On 15.IV.2004 at 08:08 (+0200) Christian Perrier wrote:
> 
> However, I take this occasion to highlight something which seems
> misunderstood here : I, myself, Christian Perrier, am absolutely NOT
> in position of changing anything on my own decision.

Then probably we can use a General Resolution?  The following could be
my proposal.

-------------------------------
Debian General Resolution

Resolved:

A. That Debian will be politically independent and will not take
political decisions or decisions based on political considerations.

B. That the lists of the languages and the countries of the installer
will include any name that finds one or more Debian developers willing
to vouch for its legitimacy and willing to maintain support for it.

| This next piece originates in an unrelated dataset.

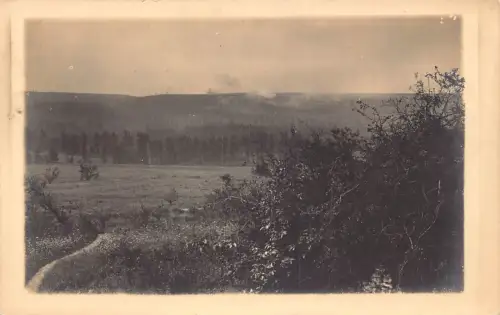 L345 Deutschland Unbekanntes Feldfoto Büsche Wald Vintage Postkarte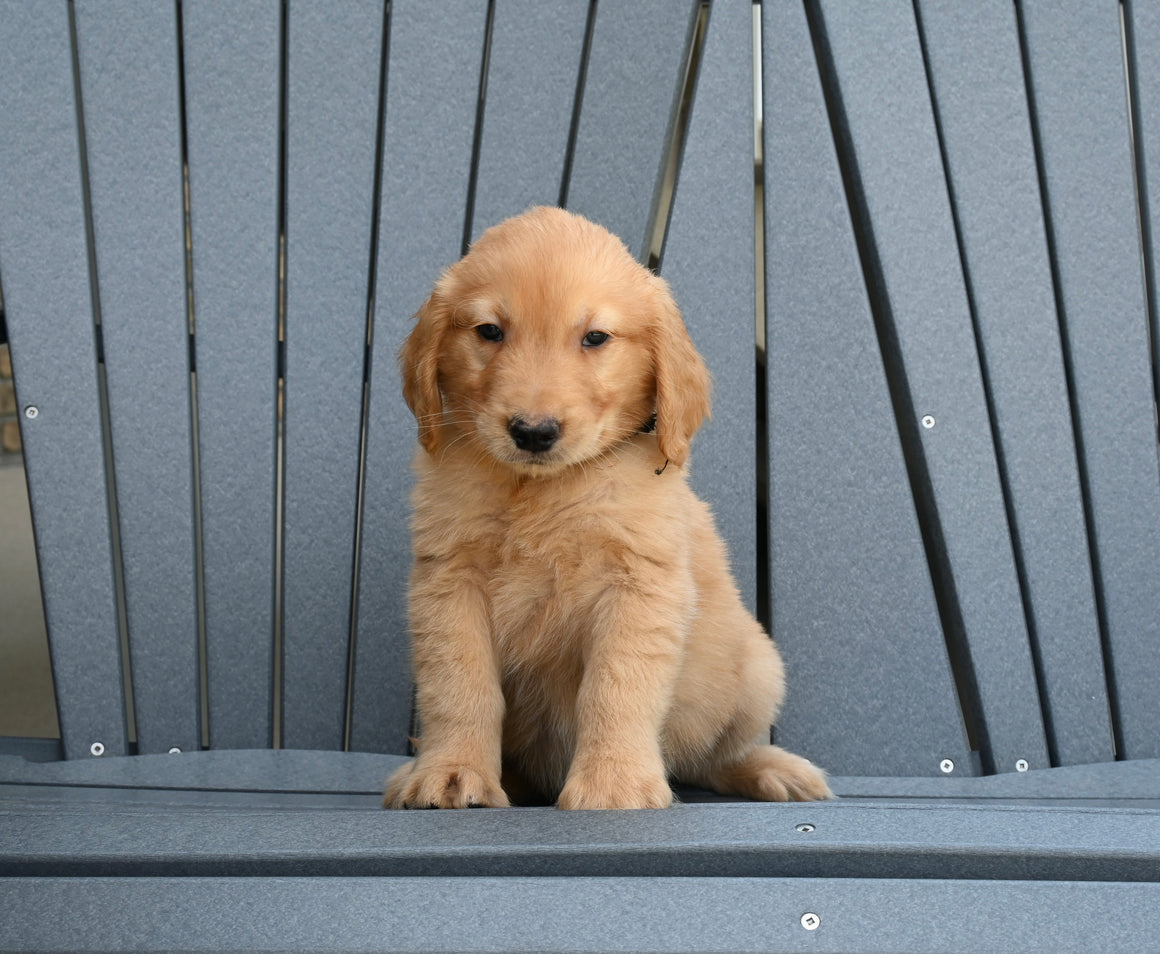 Puppies For Sale In Ohio | Shipping Available Buy Direct From Breeder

------ end of Resolution ------

Rationale:

1. We should take a similar approach as we do to package management.
   If we have developer(s) willing to vouch for legitimacy of a
   locale, and willing to maintain support for it, we should include
   it.  It says a lot about Debian success that we've come as far as
   we have -- we're a long way from worrying about fortunes-off and
   the Purity Test.

2. To censure the name of an entire country/language and in doing so
   isolate them appears to be anti-thesis of free software.  It is
   discrimination against the referenced people and goes against the
   spirit of DFSG ("5. No Discrimination Against Persons or Groups").

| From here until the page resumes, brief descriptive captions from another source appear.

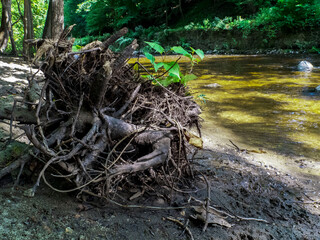 Large Up Rooted Large Tree Base By A Shallow River
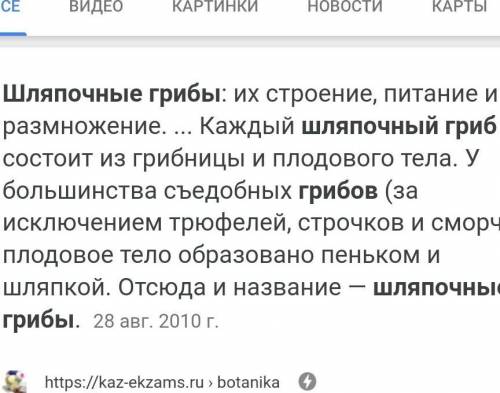 Что представляет собой весь шляпочный гриб?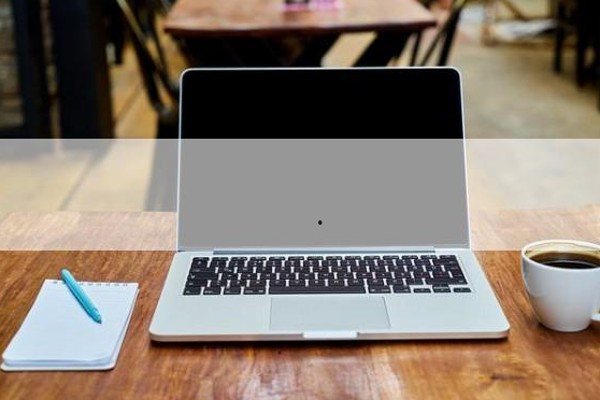 贺峻霖与冯绍峰：演艺与生活的多面探索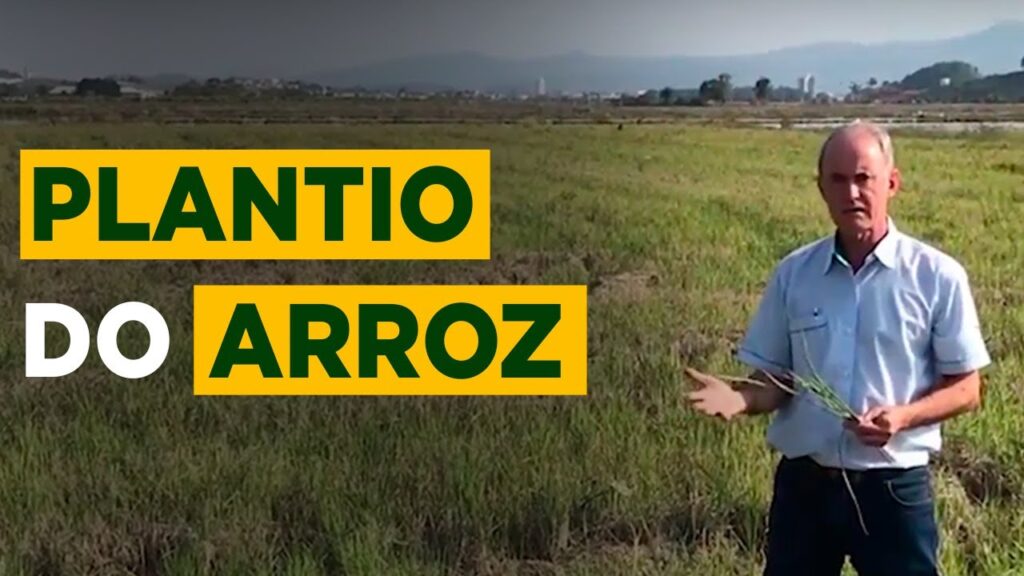 plantio de arroz passo a passo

3. The names of the countries and languages should be accepted by the
   referenced party.  Calling a person with a name unacceptable by
   this person is offence.

4. ISO 3166 is not politically independent standard.  Moreover it has
   alternatives, for example the International Components for Unicode
   (packaged in icu-data) and the the names used by National
   Geographical Society.  If Debian decides to follow any one of these
   standards it is taking thereby a political decision.

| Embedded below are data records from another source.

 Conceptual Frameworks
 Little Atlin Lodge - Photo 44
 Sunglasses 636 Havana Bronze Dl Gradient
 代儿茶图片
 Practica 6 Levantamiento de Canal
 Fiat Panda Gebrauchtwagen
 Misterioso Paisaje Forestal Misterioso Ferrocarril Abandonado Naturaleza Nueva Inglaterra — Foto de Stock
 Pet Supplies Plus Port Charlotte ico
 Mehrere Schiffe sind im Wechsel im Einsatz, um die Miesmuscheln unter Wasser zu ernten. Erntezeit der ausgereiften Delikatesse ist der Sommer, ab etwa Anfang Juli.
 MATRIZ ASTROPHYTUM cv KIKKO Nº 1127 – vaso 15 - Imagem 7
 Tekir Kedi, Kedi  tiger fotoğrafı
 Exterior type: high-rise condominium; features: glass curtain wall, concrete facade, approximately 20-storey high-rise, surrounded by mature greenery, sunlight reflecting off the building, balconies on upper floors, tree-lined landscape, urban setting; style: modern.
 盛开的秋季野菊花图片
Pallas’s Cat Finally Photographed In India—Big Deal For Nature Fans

5. The GNU locales contain in themselves information about their
   language and territory.  This information is written by the
   creator/maintainer of the locale and doesn't follow any presumably
   "independent" standard.

6. KDE has taken similar approach.  "If somebody goes through the
   trouble of creating a KDE website, then we will include it in this
   list. Furthermore, we will not override the site creator's
   preference for what to call their geographical area (e.g., calling
   the Taiwan site "Taiwan" instead of "China")."

Anton Zinoviev

P.S. Much of this proposal is taken from messages by other people.  I
     apologise for the lack of proper attributions.